▶ Data under study:
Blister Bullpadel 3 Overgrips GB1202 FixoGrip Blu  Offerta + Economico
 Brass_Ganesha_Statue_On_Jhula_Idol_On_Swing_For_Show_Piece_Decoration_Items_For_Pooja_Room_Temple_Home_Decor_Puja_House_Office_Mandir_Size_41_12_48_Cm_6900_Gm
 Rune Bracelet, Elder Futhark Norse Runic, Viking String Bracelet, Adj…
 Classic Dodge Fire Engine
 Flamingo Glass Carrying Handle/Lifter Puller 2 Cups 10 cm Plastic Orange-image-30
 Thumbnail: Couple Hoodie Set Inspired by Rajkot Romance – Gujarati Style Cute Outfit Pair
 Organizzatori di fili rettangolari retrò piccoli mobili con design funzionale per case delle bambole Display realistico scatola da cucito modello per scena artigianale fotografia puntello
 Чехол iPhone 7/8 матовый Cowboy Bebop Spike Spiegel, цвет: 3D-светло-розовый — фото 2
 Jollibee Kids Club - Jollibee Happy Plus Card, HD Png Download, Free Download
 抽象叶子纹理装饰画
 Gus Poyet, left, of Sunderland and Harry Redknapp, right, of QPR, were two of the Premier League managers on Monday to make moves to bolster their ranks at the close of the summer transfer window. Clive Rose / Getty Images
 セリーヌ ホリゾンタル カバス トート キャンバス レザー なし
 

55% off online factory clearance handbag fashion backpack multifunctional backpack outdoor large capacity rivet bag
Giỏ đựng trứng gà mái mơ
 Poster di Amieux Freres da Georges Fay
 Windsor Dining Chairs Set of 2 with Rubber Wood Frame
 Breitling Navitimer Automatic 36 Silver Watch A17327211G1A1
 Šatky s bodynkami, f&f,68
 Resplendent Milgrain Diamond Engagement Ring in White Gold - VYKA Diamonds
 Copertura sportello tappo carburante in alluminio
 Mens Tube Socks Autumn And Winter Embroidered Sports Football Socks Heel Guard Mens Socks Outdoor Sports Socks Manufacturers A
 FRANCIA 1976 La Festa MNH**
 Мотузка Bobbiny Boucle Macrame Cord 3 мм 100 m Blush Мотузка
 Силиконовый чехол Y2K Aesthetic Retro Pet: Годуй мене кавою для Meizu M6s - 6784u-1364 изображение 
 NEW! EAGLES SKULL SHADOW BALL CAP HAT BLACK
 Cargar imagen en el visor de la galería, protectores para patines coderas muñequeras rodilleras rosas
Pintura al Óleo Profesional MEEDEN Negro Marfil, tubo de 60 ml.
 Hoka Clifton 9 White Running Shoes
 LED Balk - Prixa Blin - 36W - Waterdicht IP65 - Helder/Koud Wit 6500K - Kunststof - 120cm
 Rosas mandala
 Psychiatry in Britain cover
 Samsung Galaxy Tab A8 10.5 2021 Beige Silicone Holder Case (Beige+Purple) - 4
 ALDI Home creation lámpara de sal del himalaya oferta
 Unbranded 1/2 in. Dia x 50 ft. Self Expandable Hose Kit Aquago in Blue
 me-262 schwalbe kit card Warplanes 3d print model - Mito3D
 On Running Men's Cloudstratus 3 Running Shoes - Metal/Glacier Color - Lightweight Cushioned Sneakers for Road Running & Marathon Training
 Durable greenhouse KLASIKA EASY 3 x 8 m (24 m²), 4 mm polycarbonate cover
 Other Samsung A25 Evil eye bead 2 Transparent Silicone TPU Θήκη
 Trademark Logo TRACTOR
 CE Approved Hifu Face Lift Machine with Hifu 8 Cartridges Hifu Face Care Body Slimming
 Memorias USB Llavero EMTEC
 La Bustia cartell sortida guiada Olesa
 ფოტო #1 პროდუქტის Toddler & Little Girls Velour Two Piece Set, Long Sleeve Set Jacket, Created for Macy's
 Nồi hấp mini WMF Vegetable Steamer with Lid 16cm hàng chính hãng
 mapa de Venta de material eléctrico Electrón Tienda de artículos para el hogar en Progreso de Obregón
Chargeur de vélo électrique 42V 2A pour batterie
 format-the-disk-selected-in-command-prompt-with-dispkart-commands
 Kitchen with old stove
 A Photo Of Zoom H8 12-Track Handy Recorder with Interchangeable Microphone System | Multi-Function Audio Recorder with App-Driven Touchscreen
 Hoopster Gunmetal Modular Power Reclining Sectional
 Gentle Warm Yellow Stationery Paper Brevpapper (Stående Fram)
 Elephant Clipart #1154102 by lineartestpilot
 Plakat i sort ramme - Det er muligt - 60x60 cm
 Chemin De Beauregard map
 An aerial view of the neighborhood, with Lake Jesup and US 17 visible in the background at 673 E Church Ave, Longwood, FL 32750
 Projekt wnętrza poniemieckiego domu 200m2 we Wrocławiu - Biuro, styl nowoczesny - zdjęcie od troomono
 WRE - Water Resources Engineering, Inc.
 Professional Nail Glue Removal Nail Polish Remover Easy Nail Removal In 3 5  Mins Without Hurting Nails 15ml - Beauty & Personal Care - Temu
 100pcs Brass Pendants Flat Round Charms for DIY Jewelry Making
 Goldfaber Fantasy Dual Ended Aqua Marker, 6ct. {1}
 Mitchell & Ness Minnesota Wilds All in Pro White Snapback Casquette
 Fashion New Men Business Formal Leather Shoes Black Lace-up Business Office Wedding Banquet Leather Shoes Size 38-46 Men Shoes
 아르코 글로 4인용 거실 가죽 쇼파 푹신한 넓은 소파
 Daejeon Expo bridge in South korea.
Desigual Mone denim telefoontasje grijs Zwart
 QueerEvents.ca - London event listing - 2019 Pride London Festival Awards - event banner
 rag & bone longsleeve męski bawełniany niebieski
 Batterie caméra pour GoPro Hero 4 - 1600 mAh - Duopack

▶ Your assignment:
Transcribe every record verbatim.

▶ Result:
Blister Bullpadel 3 Overgrips GB1202 FixoGrip Blu  Offerta + Economico
 Brass_Ganesha_Statue_On_Jhula_Idol_On_Swing_For_Show_Piece_Decoration_Items_For_Pooja_Room_Temple_Home_Decor_Puja_House_Office_Mandir_Size_41_12_48_Cm_6900_Gm
 Rune Bracelet, Elder Futhark Norse Runic, Viking String Bracelet, Adj…
 Classic Dodge Fire Engine
 Flamingo Glass Carrying Handle/Lifter Puller 2 Cups 10 cm Plastic Orange-image-30
 Thumbnail: Couple Hoodie Set Inspired by Rajkot Romance – Gujarati Style Cute Outfit Pair
 Organizzatori di fili rettangolari retrò piccoli mobili con design funzionale per case delle bambole Display realistico scatola da cucito modello per scena artigianale fotografia puntello
 Чехол iPhone 7/8 матовый Cowboy Bebop Spike Spiegel, цвет: 3D-светло-розовый — фото 2
 Jollibee Kids Club - Jollibee Happy Plus Card, HD Png Download, Free Download
 抽象叶子纹理装饰画
 Gus Poyet, left, of Sunderland and Harry Redknapp, right, of QPR, were two of the Premier League managers on Monday to make moves to bolster their ranks at the close of the summer transfer window. Clive Rose / Getty Images
 セリーヌ ホリゾンタル カバス トート キャンバス レザー なし
 

55% off online factory clearance handbag fashion backpack multifunctional backpack outdoor large capacity rivet bag
Giỏ đựng trứng gà mái mơ
 Poster di Amieux Freres da Georges Fay
 Windsor Dining Chairs Set of 2 with Rubber Wood Frame
 Breitling Navitimer Automatic 36 Silver Watch A17327211G1A1
 Šatky s bodynkami, f&f,68
 Resplendent Milgrain Diamond Engagement Ring in White Gold - VYKA Diamonds
 Copertura sportello tappo carburante in alluminio
 Mens Tube Socks Autumn And Winter Embroidered Sports Football Socks Heel Guard Mens Socks Outdoor Sports Socks Manufacturers A
 FRANCIA 1976 La Festa MNH**
 Мотузка Bobbiny Boucle Macrame Cord 3 мм 100 m Blush Мотузка
 Силиконовый чехол Y2K Aesthetic Retro Pet: Годуй мене кавою для Meizu M6s - 6784u-1364 изображение 
 NEW! EAGLES SKULL SHADOW BALL CAP HAT BLACK
 Cargar imagen en el visor de la galería, protectores para patines coderas muñequeras rodilleras rosas
Pintura al Óleo Profesional MEEDEN Negro Marfil, tubo de 60 ml.
 Hoka Clifton 9 White Running Shoes
 LED Balk - Prixa Blin - 36W - Waterdicht IP65 - Helder/Koud Wit 6500K - Kunststof - 120cm
 Rosas mandala
 Psychiatry in Britain cover
 Samsung Galaxy Tab A8 10.5 2021 Beige Silicone Holder Case (Beige+Purple) - 4
 ALDI Home creation lámpara de sal del himalaya oferta
 Unbranded 1/2 in. Dia x 50 ft. Self Expandable Hose Kit Aquago in Blue
 me-262 schwalbe kit card Warplanes 3d print model - Mito3D
 On Running Men's Cloudstratus 3 Running Shoes - Metal/Glacier Color - Lightweight Cushioned Sneakers for Road Running & Marathon Training
 Durable greenhouse KLASIKA EASY 3 x 8 m (24 m²), 4 mm polycarbonate cover
 Other Samsung A25 Evil eye bead 2 Transparent Silicone TPU Θήκη
 Trademark Logo TRACTOR
 CE Approved Hifu Face Lift Machine with Hifu 8 Cartridges Hifu Face Care Body Slimming
 Memorias USB Llavero EMTEC
 La Bustia cartell sortida guiada Olesa
 ფოტო #1 პროდუქტის Toddler & Little Girls Velour Two Piece Set, Long Sleeve Set Jacket, Created for Macy's
 Nồi hấp mini WMF Vegetable Steamer with Lid 16cm hàng chính hãng
 mapa de Venta de material eléctrico Electrón Tienda de artículos para el hogar en Progreso de Obregón
Chargeur de vélo électrique 42V 2A pour batterie
 format-the-disk-selected-in-command-prompt-with-dispkart-commands
 Kitchen with old stove
 A Photo Of Zoom H8 12-Track Handy Recorder with Interchangeable Microphone System | Multi-Function Audio Recorder with App-Driven Touchscreen
 Hoopster Gunmetal Modular Power Reclining Sectional
 Gentle Warm Yellow Stationery Paper Brevpapper (Stående Fram)
 Elephant Clipart #1154102 by lineartestpilot
 Plakat i sort ramme - Det er muligt - 60x60 cm
 Chemin De Beauregard map
 An aerial view of the neighborhood, with Lake Jesup and US 17 visible in the background at 673 E Church Ave, Longwood, FL 32750
 Projekt wnętrza poniemieckiego domu 200m2 we Wrocławiu - Biuro, styl nowoczesny - zdjęcie od troomono
 WRE - Water Resources Engineering, Inc.
 Professional Nail Glue Removal Nail Polish Remover Easy Nail Removal In 3 5  Mins Without Hurting Nails 15ml - Beauty & Personal Care - Temu
 100pcs Brass Pendants Flat Round Charms for DIY Jewelry Making
 Goldfaber Fantasy Dual Ended Aqua Marker, 6ct. {1}
 Mitchell & Ness Minnesota Wilds All in Pro White Snapback Casquette
 Fashion New Men Business Formal Leather Shoes Black Lace-up Business Office Wedding Banquet Leather Shoes Size 38-46 Men Shoes
 아르코 글로 4인용 거실 가죽 쇼파 푹신한 넓은 소파
 Daejeon Expo bridge in South korea.
Desigual Mone denim telefoontasje grijs Zwart
 QueerEvents.ca - London event listing - 2019 Pride London Festival Awards - event banner
 rag & bone longsleeve męski bawełniany niebieski
 Batterie caméra pour GoPro Hero 4 - 1600 mAh - Duopack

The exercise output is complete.